Thoughts: Those look much better aside from one large outlier, and our MSE and R^2 remained promising with the Gradient Boosting.

Part 4: Model Evaluation#

slope, intercept = np.polyfit(ind_eco_clean["HT"], ind_eco_clean["DIA"], 1)

# Predict DBH using Task 2 model
ind_lake["predicted_dbh"] = slope * ind_lake["tree_ht_ft"] + intercept

# Calculate RMSE
rmse = np.sqrt(mean_squared_error(ind_lake["tree_dbh_in"], ind_lake["predicted_dbh"]))
print(f"RMSE: {rmse:.2f} inches")

# Plot actual vs. predicted
plt.figure(figsize=(8, 6))
plt.scatter(ind_lake["tree_dbh_in"], ind_lake["predicted_dbh"], alpha=0.7, color="orange")
plt.plot([ind_lake["tree_dbh_in"].min(), ind_lake["tree_dbh_in"].max()],
         [ind_lake["tree_dbh_in"].min(), ind_lake["tree_dbh_in"].max()],
         color="red", linestyle="--")
plt.xlabel("Actual DBH (in)")
plt.ylabel("Predicted DBH (in)")
plt.title("Actual vs Predicted DBH for Independence Lake Field Data\n(Using FIA Linear Model)")
plt.grid(True)
plt.tight_layout()
plt.show()

RMSE: 4.39 inches

_images/3d3e8dfe9fc531956b0276e98897ab25ee6d0947d62e95b54933a7c3d1e532d6.png

We applied the linear regression model from Task 2 (trained on FIA data using only tree height) to the field data collected at Independence Lake. Before making predictions, we converted the units in the field data so that they matched the FIA dataset:

Tree height was converted from meters to feet.
Tree diameter (DBH) was converted from centimeters to inches.

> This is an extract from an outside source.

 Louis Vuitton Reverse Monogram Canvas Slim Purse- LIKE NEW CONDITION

The predicted DBH values were then compared to the actual DBH values from the field data using RMSE (Root Mean Squared Error) as our evaluation metric. The RMSE was approximately 4.39 inches, telling us the model is fairly accurate.

Model Limitations:

The model was trained on data from a large ecosystem-wide dataset (FIA), while the test set (field data) comes from a single site with potentially different species composition and measurement methods.
The linear model only considers tree height. In reality, diameter is influenced by many other variables (e.g. species, age, competition, environmental stress).
The field dataset is smaller, which can magnify the effect of any outliers or anomalies.

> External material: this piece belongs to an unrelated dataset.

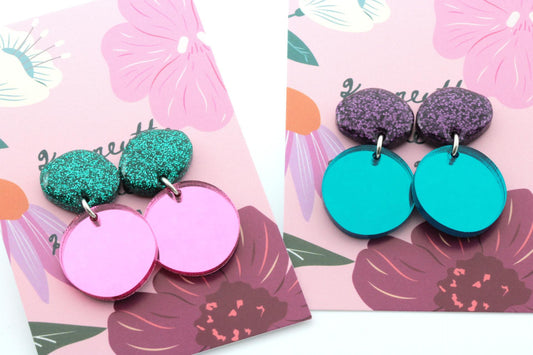 PinkTurquoise peiliakryyli hartsikorvakorut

Why we didn’t use the Gradient Boosting Model from Task 3: The model built in Task 3 used several features — such as DRYBIO_STUMP, VOLCFNET, and CARBON_AG — which are not present in the field data. Because of this mismatch in feature availability, we could not apply that model directly to the field dataset without unrealistic assumptions or imputation.

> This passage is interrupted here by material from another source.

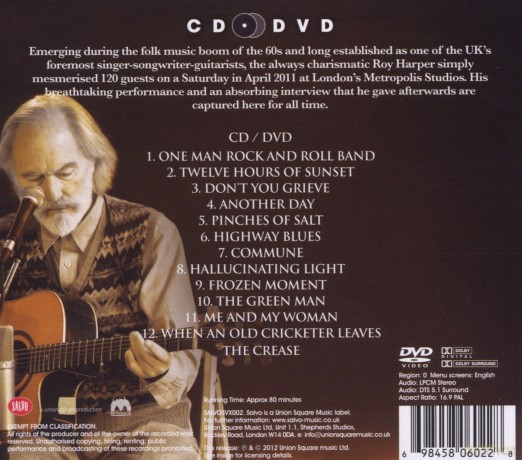 Roy Harper: Live At Metropolis Studios (digipack) [CD]+[DVD]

What data would help improve our model?

Species information: Different tree species grow differently, and modeling DBH by species would likely reduce error.
Biomass and carbon estimates: Including volume or carbon content improves predictions, as shown in Task 3.
More training data from the same site: A site-specific model trained on past field data from Independence Lake would likely generalize better to future measurements from the same area.

In summary, while the height-only model gives a decent first approximation, adding more ecological variables and using local data would significantly enhance model accuracy.